**The task**
Every line from the one containing "Used Vauxhall Corsa" through the end of the listing below must be given again exactly, and nothing else; exclude pictures.

Top of Dataset excerpt

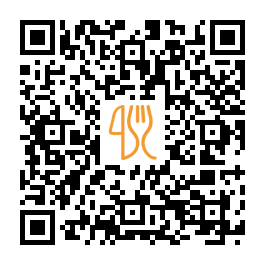 QR-code link către meniul Kis Dani Pizzéria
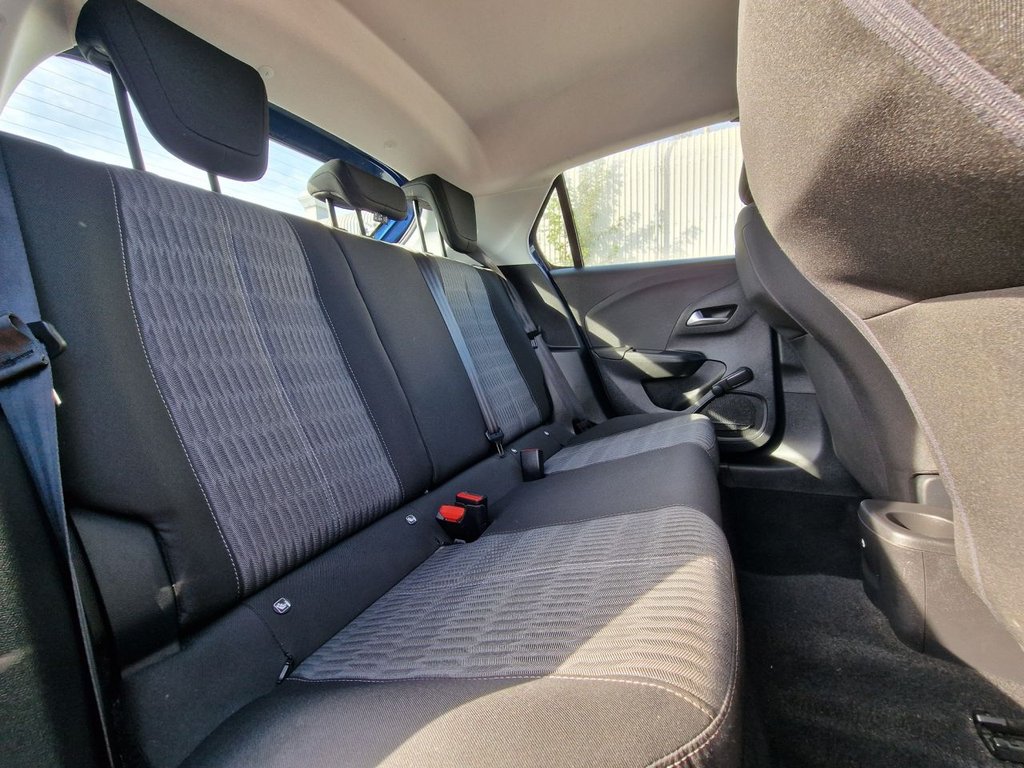 Used Vauxhall Corsa 2021 for sale - 76744363: Photo 42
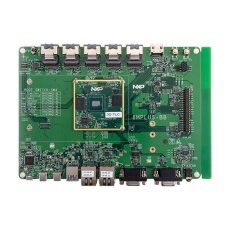 【8MPLUSLPD4-EVK】EVALUATION KIT ARM CORTEX-A53/CORTEX-M7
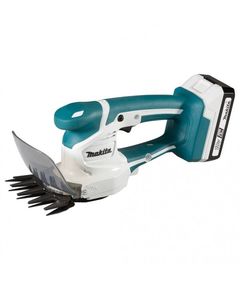Makita Ножиці для трави UM110DWYX акумуляторні, фото  | SNABZHENIE.com.ua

Bottom of Dataset excerpt

**Result of the exercise**
 Used Vauxhall Corsa 2021 for sale - 76744363: Photo 42
 【8MPLUSLPD4-EVK】EVALUATION KIT ARM CORTEX-A53/CORTEX-M7
Makita Ножиці для трави UM110DWYX акумуляторні, фото  | SNABZHENIE.com.ua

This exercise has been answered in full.